For this exercise, reproduce the entries below exactly, but only from the line containing "RIC II Nerva 3 (denarius)" through the line containing "Read online Scorpion: Poison", both included.

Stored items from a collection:

'''

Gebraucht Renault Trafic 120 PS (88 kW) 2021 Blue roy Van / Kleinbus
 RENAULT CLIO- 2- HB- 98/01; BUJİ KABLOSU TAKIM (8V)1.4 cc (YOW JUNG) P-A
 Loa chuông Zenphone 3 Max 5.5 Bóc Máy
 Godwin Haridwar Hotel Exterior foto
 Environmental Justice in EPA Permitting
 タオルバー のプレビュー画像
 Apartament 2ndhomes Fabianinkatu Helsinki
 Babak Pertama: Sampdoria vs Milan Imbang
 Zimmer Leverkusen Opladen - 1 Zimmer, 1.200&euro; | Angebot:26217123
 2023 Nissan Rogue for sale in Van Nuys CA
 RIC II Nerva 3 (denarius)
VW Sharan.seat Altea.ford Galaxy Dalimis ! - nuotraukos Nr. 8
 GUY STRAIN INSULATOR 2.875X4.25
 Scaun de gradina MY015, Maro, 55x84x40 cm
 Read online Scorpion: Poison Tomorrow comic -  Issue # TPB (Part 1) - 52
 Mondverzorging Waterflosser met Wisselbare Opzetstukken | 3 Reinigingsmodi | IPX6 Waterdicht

'''

### RESULT
 RIC II Nerva 3 (denarius)
VW Sharan.seat Altea.ford Galaxy Dalimis ! - nuotraukos Nr. 8
 GUY STRAIN INSULATOR 2.875X4.25
 Scaun de gradina MY015, Maro, 55x84x40 cm
 Read online Scorpion: Poison Tomorrow comic -  Issue # TPB (Part 1) - 52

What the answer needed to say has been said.